Given information START

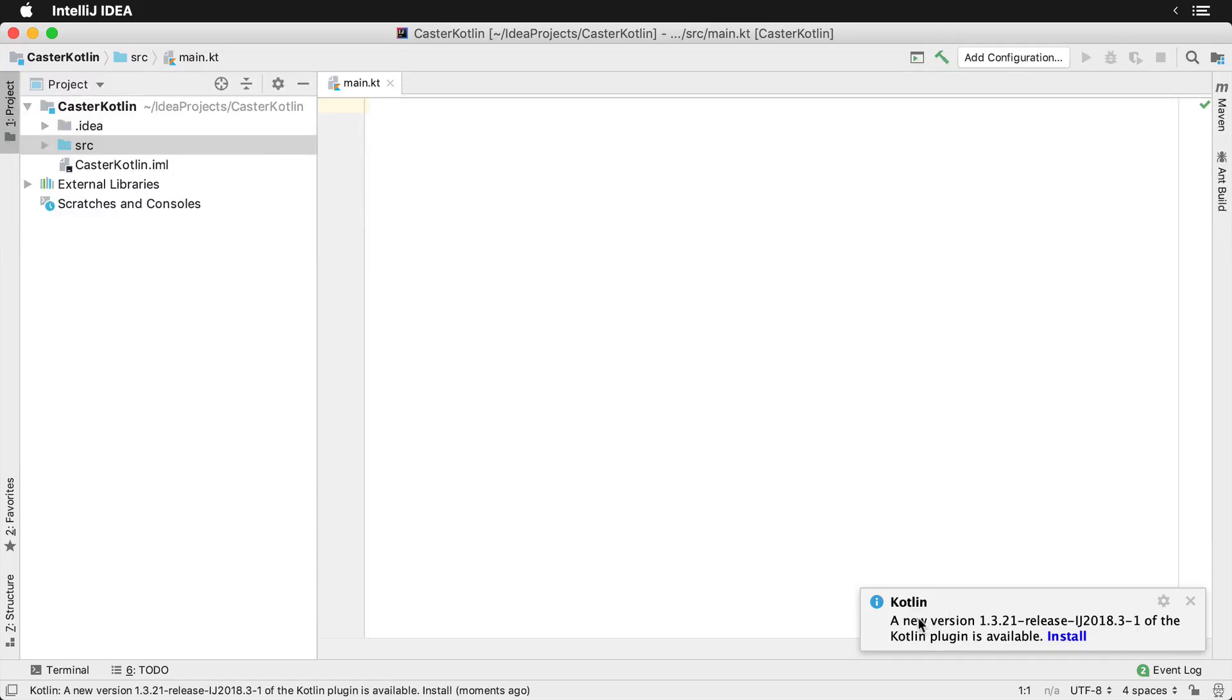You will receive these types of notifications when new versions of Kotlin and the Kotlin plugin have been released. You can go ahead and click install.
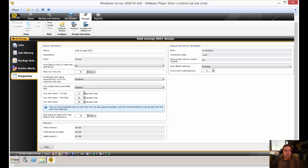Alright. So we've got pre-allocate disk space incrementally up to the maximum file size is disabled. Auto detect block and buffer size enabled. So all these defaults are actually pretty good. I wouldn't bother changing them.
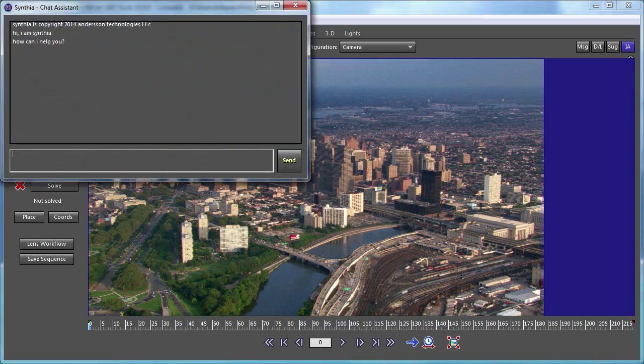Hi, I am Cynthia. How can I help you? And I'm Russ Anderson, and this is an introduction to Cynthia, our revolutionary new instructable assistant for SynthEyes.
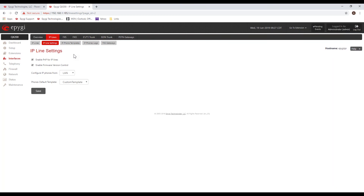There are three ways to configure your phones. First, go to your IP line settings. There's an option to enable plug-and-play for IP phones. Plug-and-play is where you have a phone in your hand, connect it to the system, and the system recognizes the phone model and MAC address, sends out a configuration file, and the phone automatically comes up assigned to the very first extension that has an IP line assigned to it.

Given information END

**Exercise:**
Begin at the line containing "Hi, I am Cynthia." and copy every line through the end of the data above exactly, omitting the pictures.

**Response area:**
Hi, I am Cynthia. How can I help you? And I'm Russ Anderson, and this is an introduction to Cynthia, our revolutionary new instructable assistant for SynthEyes.
There are three ways to configure your phones. First, go to your IP line settings. There's an option to enable plug-and-play for IP phones. Plug-and-play is where you have a phone in your hand, connect it to the system, and the system recognizes the phone model and MAC address, sends out a configuration file, and the phone automatically comes up assigned to the very first extension that has an IP line assigned to it.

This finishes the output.